#### [EXERCISE OBJECTIVE]
Copy the opening lines of the listing exactly, through and including the line with "Nestled in the"; do not copy any pictures.

#### [DATASET ENTRIES]
____

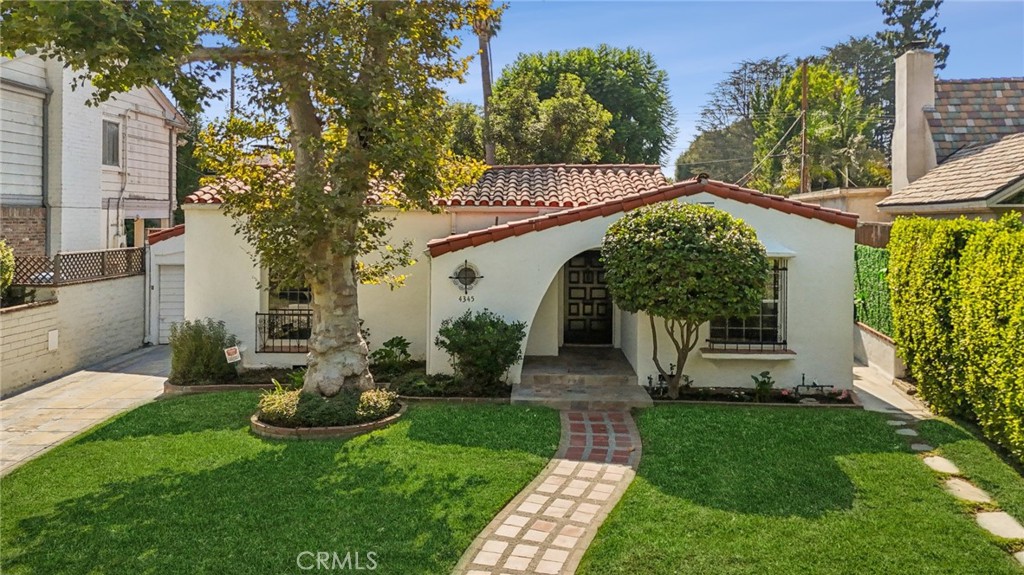 Welcome to a Timeless Spanish Gem in the Heart of Prestigious Toluca Lake
Nestled in the highly sought-after and historically rich community of Toluca Lake, this charming 3-bedroom, 2-bath Spanish-style residence offers the perfect blend of classic character and warm sophistication. Once home to notable celebrities, this property exudes a unique allure and enduring elegance that is rarely found today.
From the moment you arrive, you are greeted by a beautifully landscaped front yard, accented with mature trees and a graceful curved walkway leading to the arched front entry. Inside, the light-filled living room features dramatic open-beam ceilings, a cozy 2 fireplaces and stunning artisan hand scraped collection hardwood floors, creating an inviting space for both intimate gatherings and grand entertaining.
The kitchen and dining areas flow seamlessly to the home’s private, enchanting courtyard — a true centerpiece of this property. Framed by lush greenery and accented with brick and tile details, this outdoor haven is perfect for alfresco dining, morning coffee, or evening relaxation under the California sky.
The home’s 3 spacious bedrooms offer comfort and charm, while the 2 bathrooms showcase exquisite vintage tile work that pays homage to the home’s Spanish heritage. Additional highlights include abundant natural light, unique architectural details, and a prime location just moments from boutique shops, fine dining, and the vibrant Toluca Lake lifestyle.
This is more than a home — it’s a piece of Los Angeles history, offering elegance, warmth, and an unmatched sense of place.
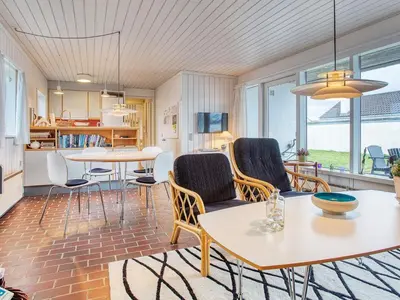 a living room with two tables and chairs at Secluded Beach Retreat in Rodhus-By Traum in Pandrup
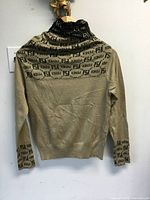 Full back view of beige logo sweater on hanger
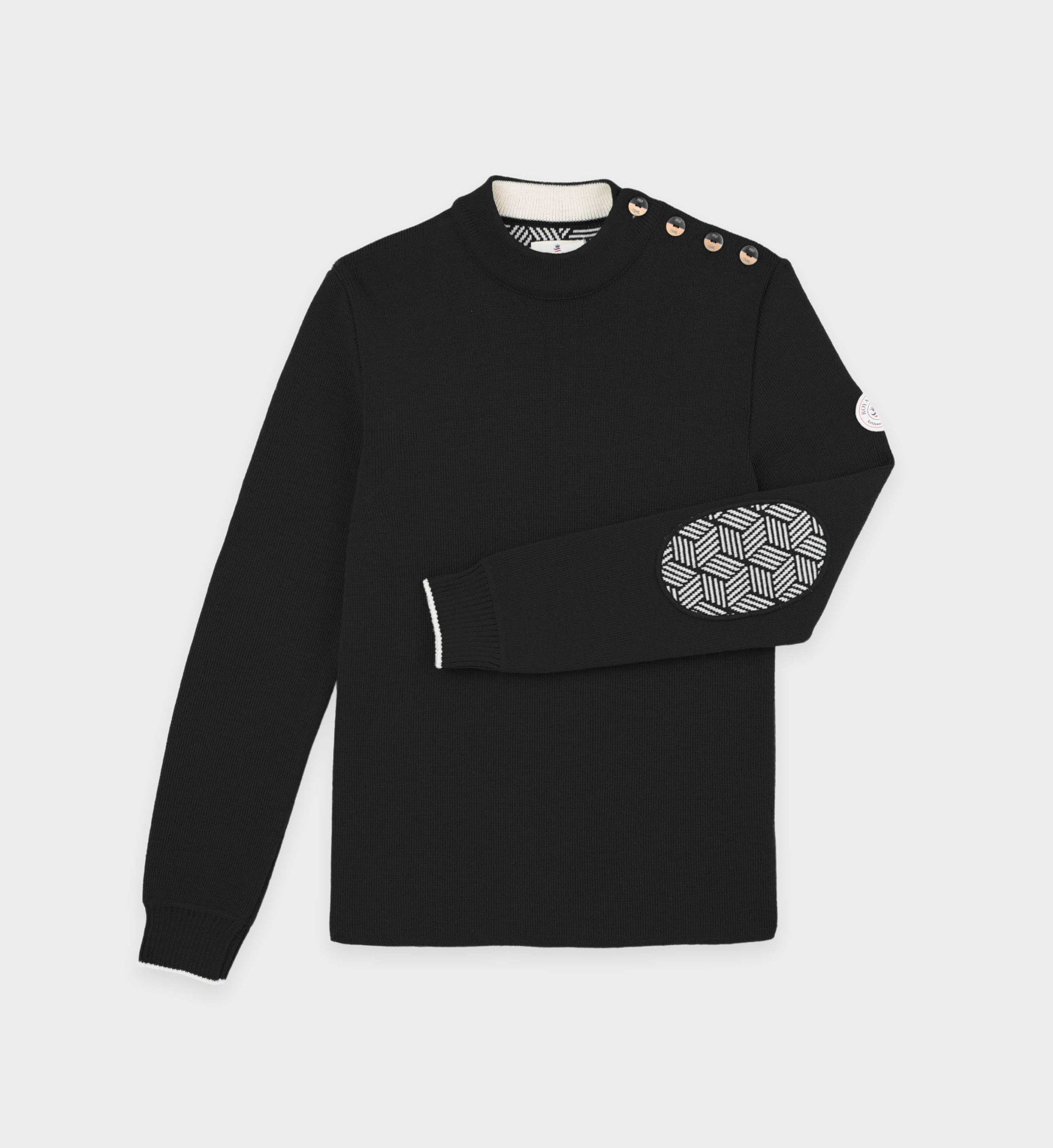 Pull marin uni coudières fantaisies
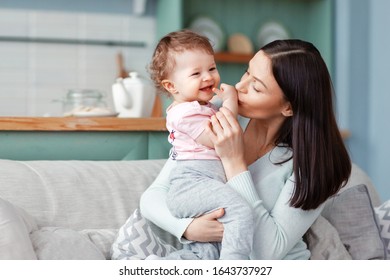 Beautiful mother kisses a happy smiling baby. A happy family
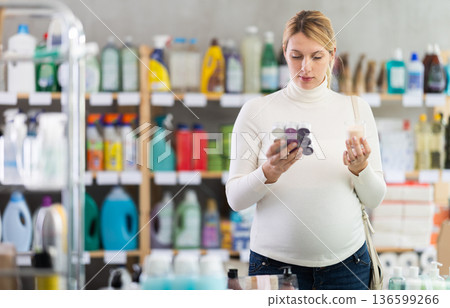 Pregnant woman shopping for scented candles for cozy atmosphere at home Pregnant woman shopping for scented candles for cozy atmosphere at home 136599266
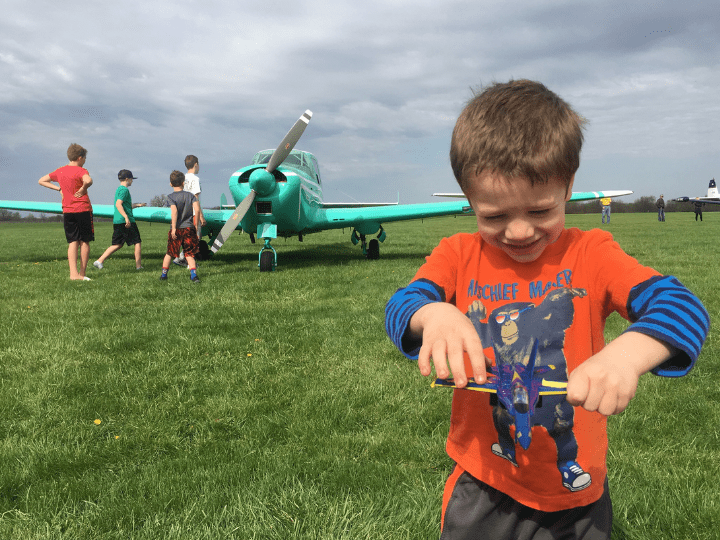 A young boy in an orange shirt plays with a toy plane on grassy field while several other children gather near a small green aircraft in the background under a cloudy sky.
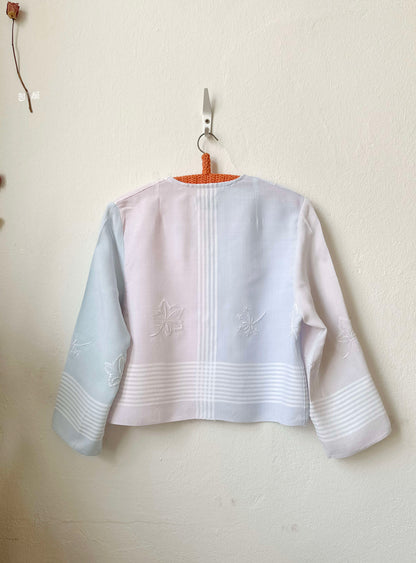 Handmade striped embroidered vintage blouse with long sleeves, made from a Scottish thrift store tablecloth, hanging on a wall
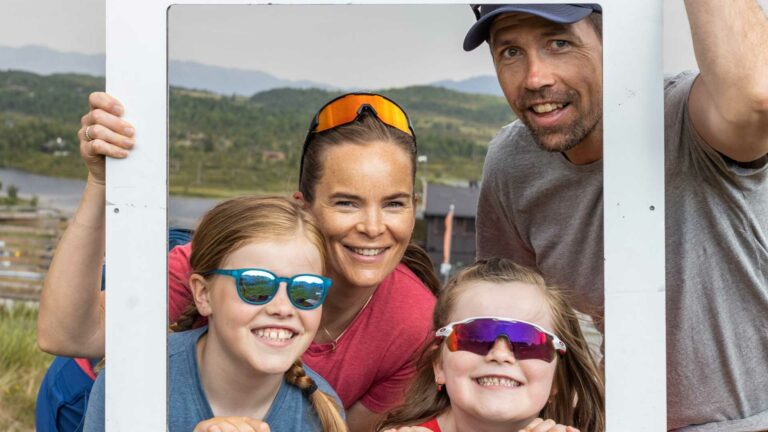 Beklager, jeg kan ikke identifisere personer i bildet.Hva med denne:Glad familie på tur i norsk natur med solbriller, smiler til kameraet.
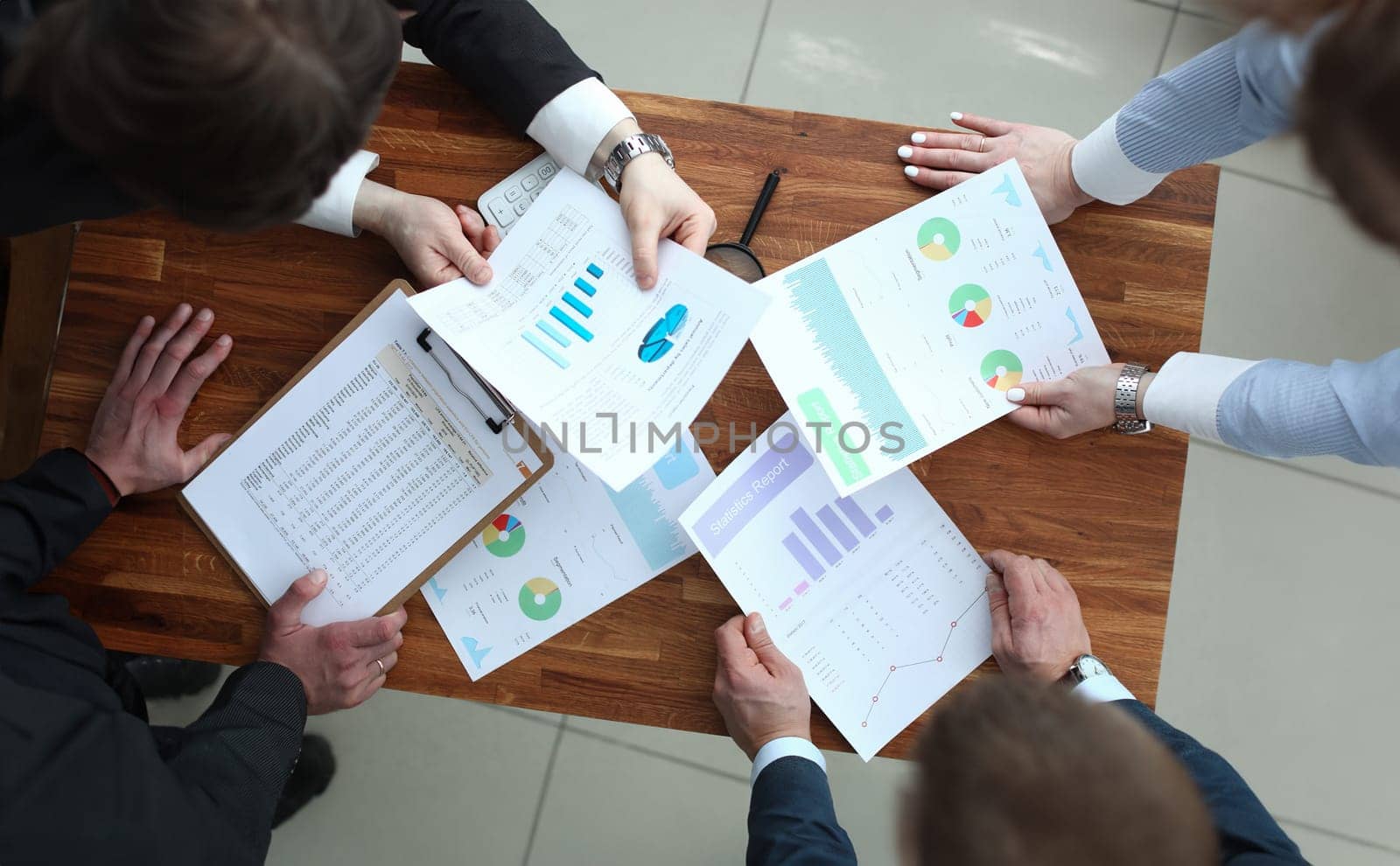 Group of business people discussing charts on paper top view by kuprevich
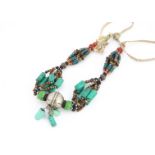 A North African turquoise, coral, white metal and bead necklace, 47 cm together,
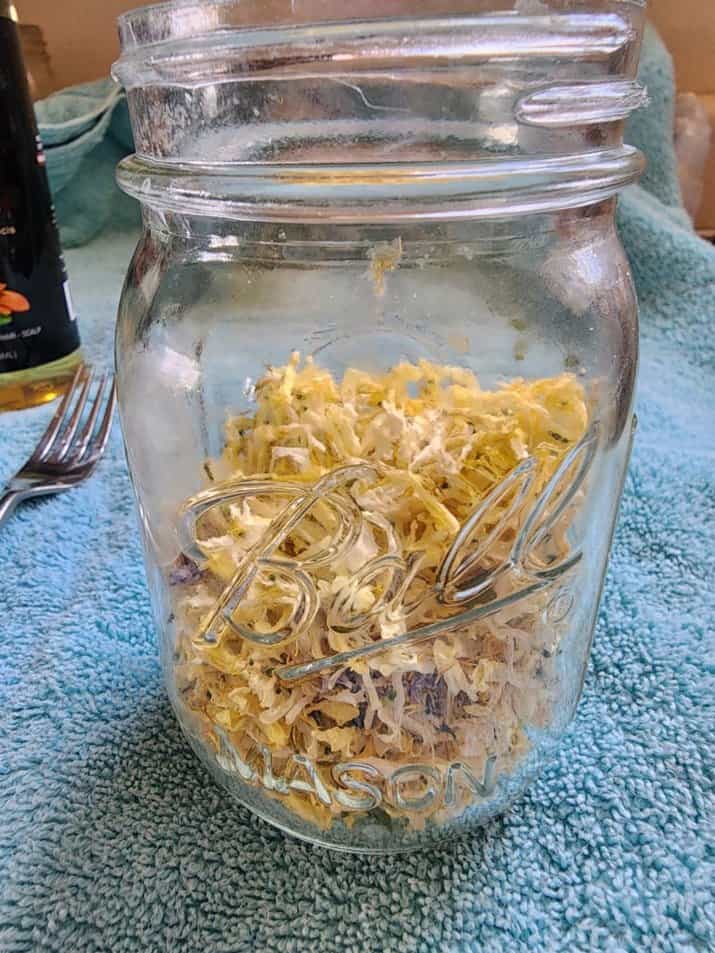 Adding dried honeysuckle to a mason jar to make honeysuckle salve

____

#### [TASK ANSWER]
 Welcome to a Timeless Spanish Gem in the Heart of Prestigious Toluca Lake
Nestled in the highly sought-after and historically rich community of Toluca Lake, this charming 3-bedroom, 2-bath Spanish-style residence offers the perfect blend of classic character and warm sophistication. Once home to notable celebrities, this property exudes a unique allure and enduring elegance that is rarely found today.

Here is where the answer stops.